Em resposta a esse declínio, o governo japonês recentemente aprovou legislação que exige que seis universidades de destaque estabeleçam novos conselhos de política de gestão. Esses conselhos, compostos pelo reitor da universidade e pelo menos três membros independentes, visam proporcionar uma voz mais significativa aos especialistas externos nas decisões, avaliando políticas operacionais e supervisionando a execução das funções do reitor, de acordo com o Ministério da Educação.

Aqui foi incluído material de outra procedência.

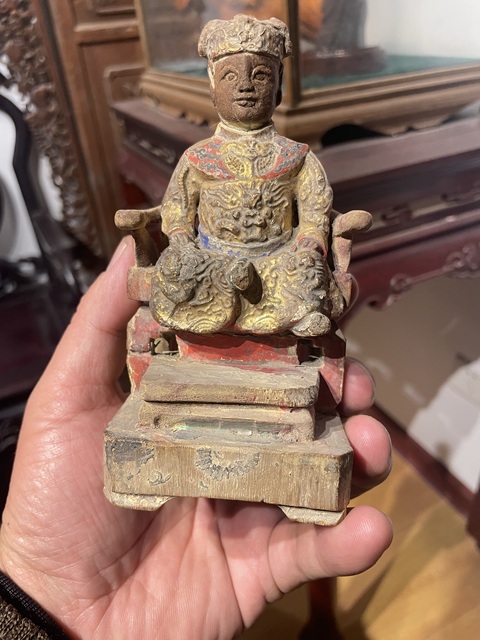 古玩雜項(xiàng)木雕漆金彩繪神像真品鑒賞圖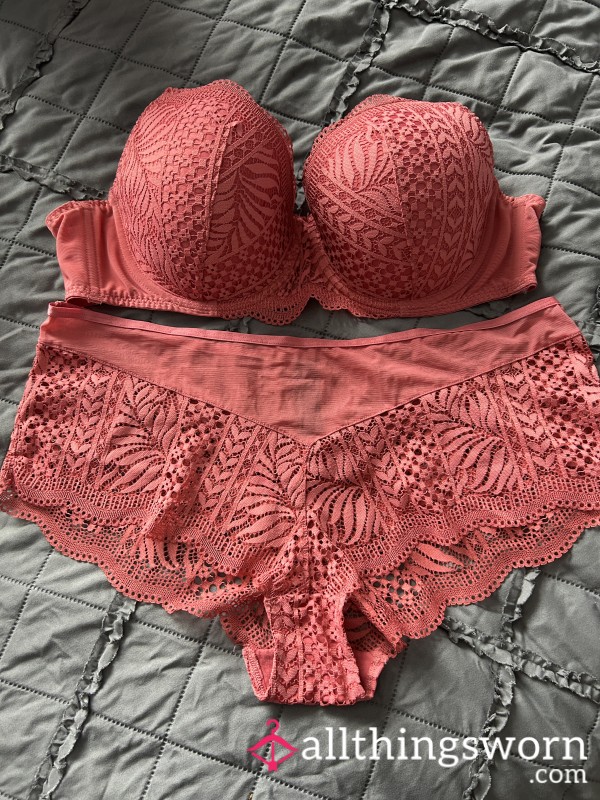 Bra And Panty Matching Set In Salmon Pink Lace NEW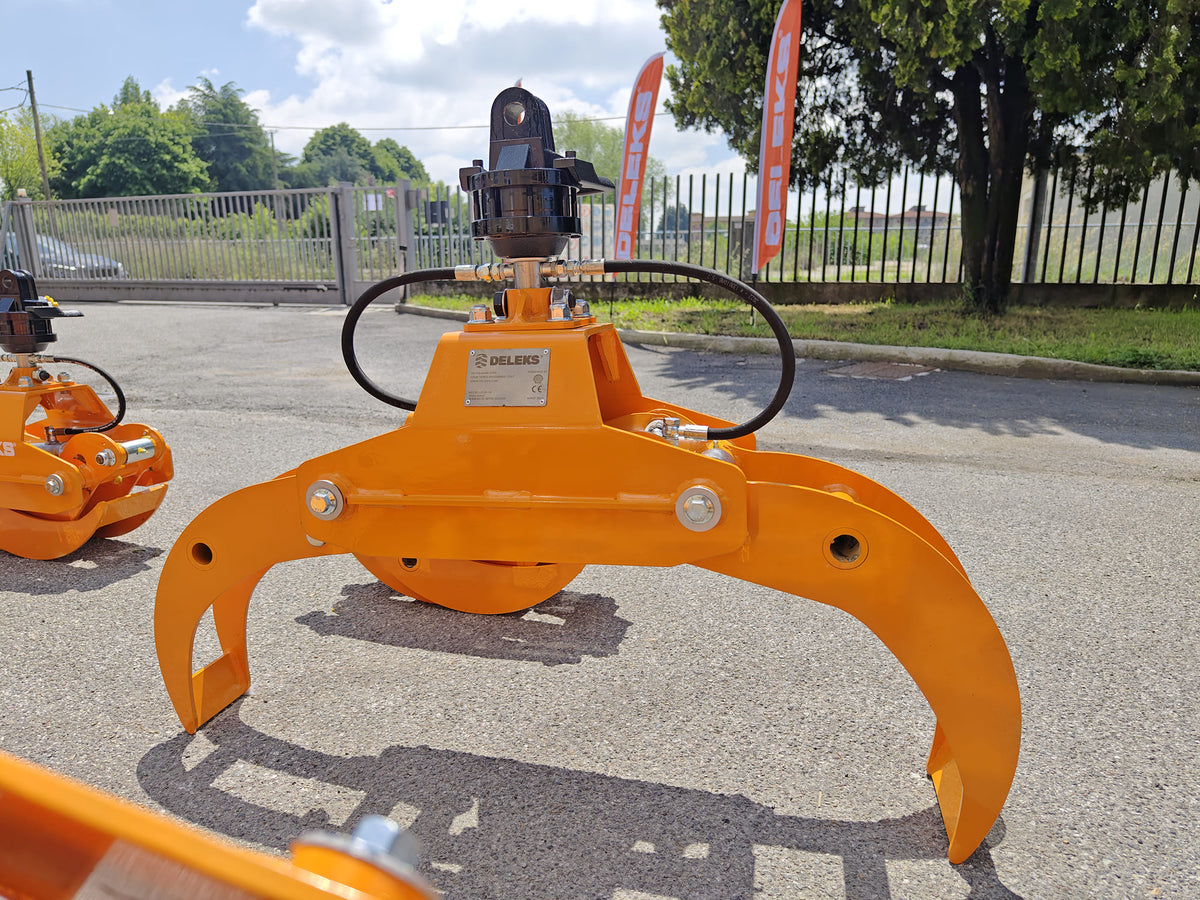 DELEKS DK10H log grapple with rotator, jaws open in the yard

No entanto, críticos expressam preocupações de que esses conselhos possam agravar a já significativa burocracia universitária e pressionar os académicos a priorizarem a pesquisa aplicada. Há receios de que a nova legislação, ao permitir que o ministério examine os membros do conselho, possa comprometer a autonomia universitária e abrir espaço para interferência política, resultando em decisões mais complexas e opacas, como previsto por Ryosuke Nishida, sociólogo do Instituto de Tecnologia de Tóquio.

A comunidade académica e especialistas concordam que o sistema de pesquisa do Japão enfrentou desafios nas últimas décadas, reflectidos não apenas na queda das classificações das universidades , mas também na posição do país em artigos indexados na Web of Science e no declínio na produção de artigos citados entre os 1% mais relevantes.

O declínio das universidades, é atribuído a uma série de factores, incluindo a estagnação nos gastos com pesquisa e a diminuição da força de trabalho científica em comparação com outras nações. Alguns apontam para uma lei de 2003 que transformou as universidades nacionais em entidades corporativas, buscando maior independência. No entanto, ao implementar essa estratégia, o governo reduziu consistentemente os fundos operacionais, levando a uma queda de 87 bilhões de dólares em 2004 para 76 bilhões de dólares em 2022.

Embora o governo tenha lançado programas de subvenções competitivos e iniciativas para fortalecer as melhores universidades, como a Agência Japonesa para a Investigação e Desenvolvimento Médico (AMED), críticos argumentam que esses esforços ainda estão longe de compensar a redução no financiamento governamental, resultando em uma escassez de empregos de pesquisa e na diminuição do interesse em programas de doutorado.